Exercise instructions: Each record beneath this sentence is to be transcribed exactly as it reads.

━━━━━━━━━━

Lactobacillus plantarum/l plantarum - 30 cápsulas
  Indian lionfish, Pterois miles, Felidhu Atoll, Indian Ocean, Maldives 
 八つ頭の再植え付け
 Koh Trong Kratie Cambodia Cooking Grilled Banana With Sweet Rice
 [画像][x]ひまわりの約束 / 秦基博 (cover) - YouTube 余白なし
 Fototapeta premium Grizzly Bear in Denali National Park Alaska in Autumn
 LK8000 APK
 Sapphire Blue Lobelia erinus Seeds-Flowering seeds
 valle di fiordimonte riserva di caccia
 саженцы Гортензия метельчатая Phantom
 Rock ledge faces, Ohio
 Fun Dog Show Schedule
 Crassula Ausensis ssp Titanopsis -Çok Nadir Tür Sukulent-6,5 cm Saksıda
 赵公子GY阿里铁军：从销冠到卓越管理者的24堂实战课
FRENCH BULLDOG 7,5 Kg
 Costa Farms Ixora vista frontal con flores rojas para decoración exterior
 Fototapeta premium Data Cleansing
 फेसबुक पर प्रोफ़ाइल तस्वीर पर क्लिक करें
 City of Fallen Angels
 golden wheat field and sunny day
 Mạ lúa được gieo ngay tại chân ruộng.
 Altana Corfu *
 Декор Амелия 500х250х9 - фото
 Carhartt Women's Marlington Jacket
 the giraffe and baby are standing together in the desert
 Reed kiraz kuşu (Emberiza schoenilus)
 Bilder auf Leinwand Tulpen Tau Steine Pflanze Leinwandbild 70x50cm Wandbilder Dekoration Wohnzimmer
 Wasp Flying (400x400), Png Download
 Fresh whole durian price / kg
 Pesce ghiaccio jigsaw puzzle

━━━━━━━━━━

Your response:
Lactobacillus plantarum/l plantarum - 30 cápsulas
  Indian lionfish, Pterois miles, Felidhu Atoll, Indian Ocean, Maldives 
 八つ頭の再植え付け
 Koh Trong Kratie Cambodia Cooking Grilled Banana With Sweet Rice
 [画像][x]ひまわりの約束 / 秦基博 (cover) - YouTube 余白なし
 Fototapeta premium Grizzly Bear in Denali National Park Alaska in Autumn
 LK8000 APK
 Sapphire Blue Lobelia erinus Seeds-Flowering seeds
 valle di fiordimonte riserva di caccia
 саженцы Гортензия метельчатая Phantom
 Rock ledge faces, Ohio
 Fun Dog Show Schedule
 Crassula Ausensis ssp Titanopsis -Çok Nadir Tür Sukulent-6,5 cm Saksıda
 赵公子GY阿里铁军：从销冠到卓越管理者的24堂实战课
FRENCH BULLDOG 7,5 Kg
 Costa Farms Ixora vista frontal con flores rojas para decoración exterior
 Fototapeta premium Data Cleansing
 फेसबुक पर प्रोफ़ाइल तस्वीर पर क्लिक करें
 City of Fallen Angels
 golden wheat field and sunny day
 Mạ lúa được gieo ngay tại chân ruộng.
 Altana Corfu *
 Декор Амелия 500х250х9 - фото
 Carhartt Women's Marlington Jacket
 the giraffe and baby are standing together in the desert
 Reed kiraz kuşu (Emberiza schoenilus)
 Bilder auf Leinwand Tulpen Tau Steine Pflanze Leinwandbild 70x50cm Wandbilder Dekoration Wohnzimmer
 Wasp Flying (400x400), Png Download
 Fresh whole durian price / kg
 Pesce ghiaccio jigsaw puzzle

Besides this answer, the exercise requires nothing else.